Ia meminta Wakil Presiden (Wapres) Gibran Rakabuming Raka segera memberikan penjelasan terkait dugaan pemberian uang itu. Menurutnya, klarifikasi dari Gibran diperlukan agar tidak menimbulkan polemik dan spekulasi berkepanjangan di tengah masyarakat. "Dia (Gibran) harus mengklarifikasi bahwa tidak benar dia membayar mahasiswa. Walaupun itu mungkin sulit diterima akal publik, tapi dia perlu bersuara," tegas Deddy, Kamis (25/6).
Anggota Komisi II DPR itu menilai, isu dugaan pemberian uang tersebut berpotensi menjadi bola liar yang dapat memengaruhi kepercayaan publik terhadap pemerintah, jika tidak segera dijelaskan secara terbuka.
Ia menyoroti perubahan agenda mahasiswa yang awalnya berencana menggelar demonstrasi, namun berujung pada pertemuan dengan Wapres di kantornya. Proses yang menyebabkan perubahan agenda tersebut perlu diungkap secara jelas kepada publik. "Gimana sih duduk perkara bisa mahasiswa itu belok dari rencana demo tiba-tiba ke kantor Wakil Presiden? Itu kan harus dijelaskan secara terang benderang," ujarnya.

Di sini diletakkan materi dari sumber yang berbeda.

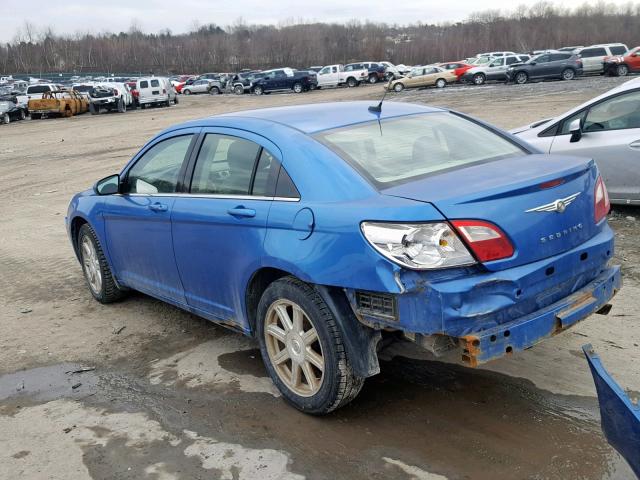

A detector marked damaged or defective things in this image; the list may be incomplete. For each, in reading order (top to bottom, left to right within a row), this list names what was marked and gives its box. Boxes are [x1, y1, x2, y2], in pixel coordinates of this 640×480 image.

damaged vehicle [69, 100, 620, 412]
crushed bumper [460, 268, 620, 366] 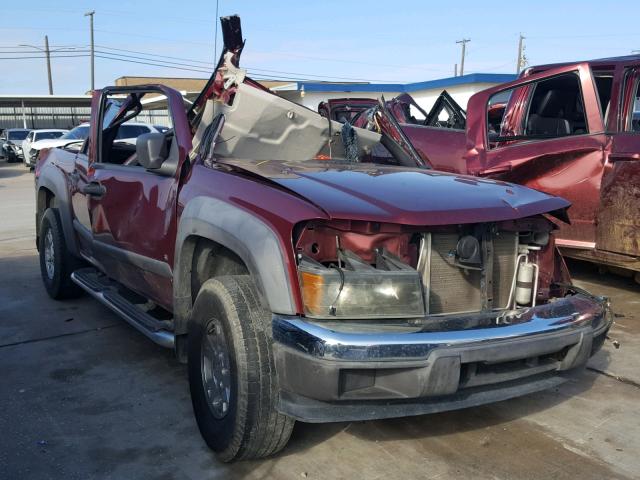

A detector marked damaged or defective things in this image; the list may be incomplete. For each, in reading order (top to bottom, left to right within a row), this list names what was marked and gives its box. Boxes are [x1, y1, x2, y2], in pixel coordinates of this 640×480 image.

crumpled hood [220, 158, 568, 224]
severely damaged truck [370, 58, 640, 280] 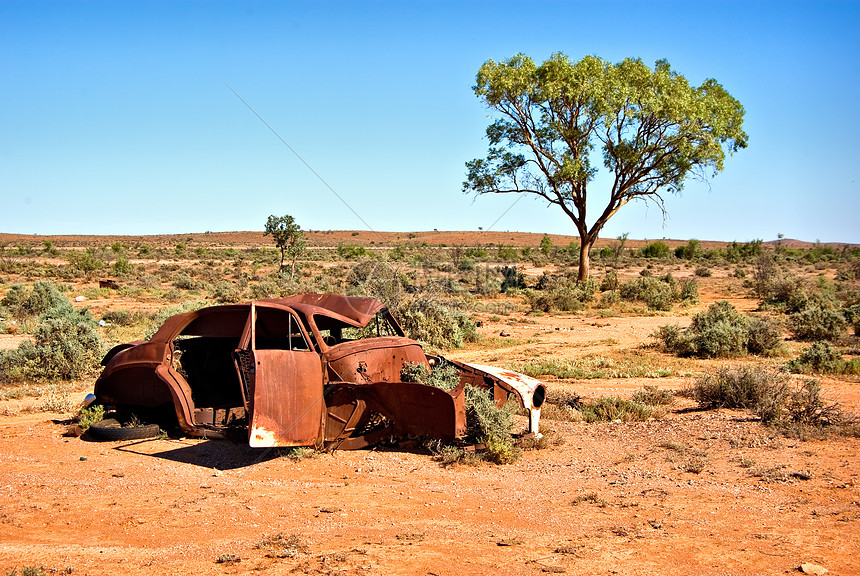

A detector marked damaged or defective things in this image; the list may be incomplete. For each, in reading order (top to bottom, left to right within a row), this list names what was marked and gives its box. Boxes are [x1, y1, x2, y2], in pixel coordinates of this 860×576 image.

Deddy mendorong Gibran untuk menelusuri pihak yang diduga memberikan uang kepada mahasiswa. Ia menilai sumber dana tersebut harus diketahui agar tidak menimbulkan dugaan adanya praktik yang melanggar hukum maupun kepentingan politik tertentu.
“Jangan-jangan itu uang hasil pungli, atau apakah memang ada operasi politik? Nah, ini kan harus terang benderang. Kita sedang menunggu bagaimana Wakil Presiden memberikan penjelasan yang masuk akal dan bisa dipercaya tentang persoalan suap-menyuap mahasiswa ini untuk kepentingan politik,” tegas Deddy.

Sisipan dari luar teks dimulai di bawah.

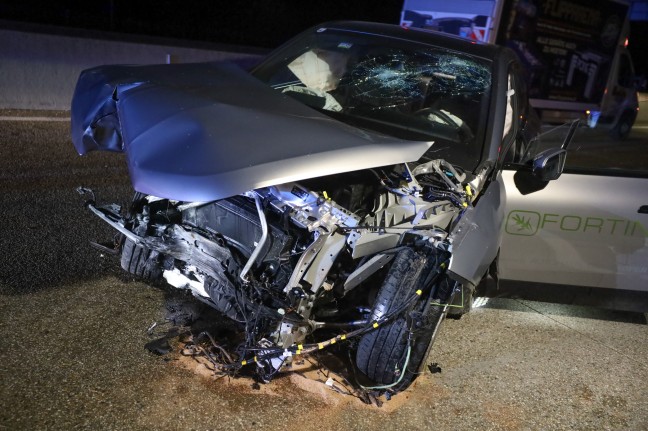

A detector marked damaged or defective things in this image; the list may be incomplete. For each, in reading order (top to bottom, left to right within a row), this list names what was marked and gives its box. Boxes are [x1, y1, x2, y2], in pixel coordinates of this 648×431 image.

crumpled hood [72, 62, 430, 202]
shattered windshield [253, 27, 492, 170]
wrecked silver car [69, 22, 568, 394]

Ketidakjelasan informasi terkait persoalan tersebut dapat berdampak negatif terhadap citra pemerintah. Deddy menilai muncul kesan bahwa Gibran sedang ditempatkan sebagai figur yang paling responsif terhadap aspirasi masyarakat di tengah berbagai kritik yang dihadapi pemerintah.

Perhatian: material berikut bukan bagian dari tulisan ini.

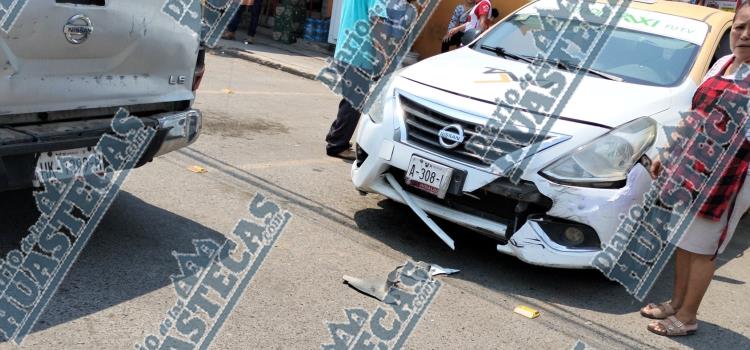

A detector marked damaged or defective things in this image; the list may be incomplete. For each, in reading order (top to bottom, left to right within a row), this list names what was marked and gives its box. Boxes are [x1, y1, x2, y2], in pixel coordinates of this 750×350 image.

damaged front bumper [0, 109, 201, 191]
detached bumper piece [0, 109, 203, 191]
broken plastic fragment on road [388, 172, 458, 249] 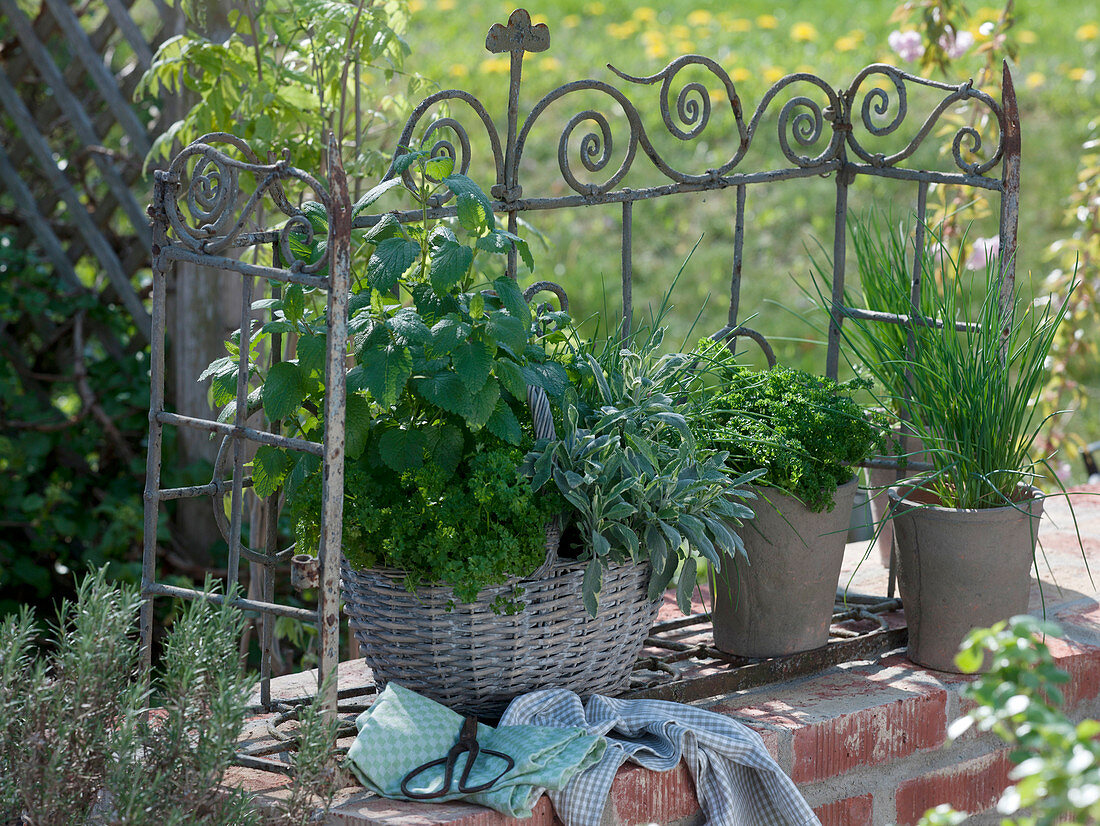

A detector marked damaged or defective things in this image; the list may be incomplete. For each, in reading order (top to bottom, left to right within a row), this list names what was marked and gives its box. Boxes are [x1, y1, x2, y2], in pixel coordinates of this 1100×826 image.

rusty iron [140, 9, 1024, 724]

"Ini kan seolah-olah sedang berupaya menarik dia menjadi episentrum perhatian sebagai pihak yang mau mendengar pada saat pemerintah sedang terpojok. Ini kan aneh kalau menurut saya," jelasnya.
Deddy juga berpandangan, penyampaian aspirasi mahasiswa kepada pemerintah semestinya dilakukan melalui kementerian atau lembaga yang memiliki keterkaitan langsung dengan substansi tuntutan yang disampaikan, bukan langsung kepada Wapres secara mendadak.
"Harusnya kan minimal mahasiswa itu kalau harus bertemu dengan pemerintah, silakan ketemu dengan Menseskab, silakan ketemu dengan Menko Polhukam, atau pihak-pihak lain yang terkait dengan tuntutan aspirasi mereka," pungkasnya.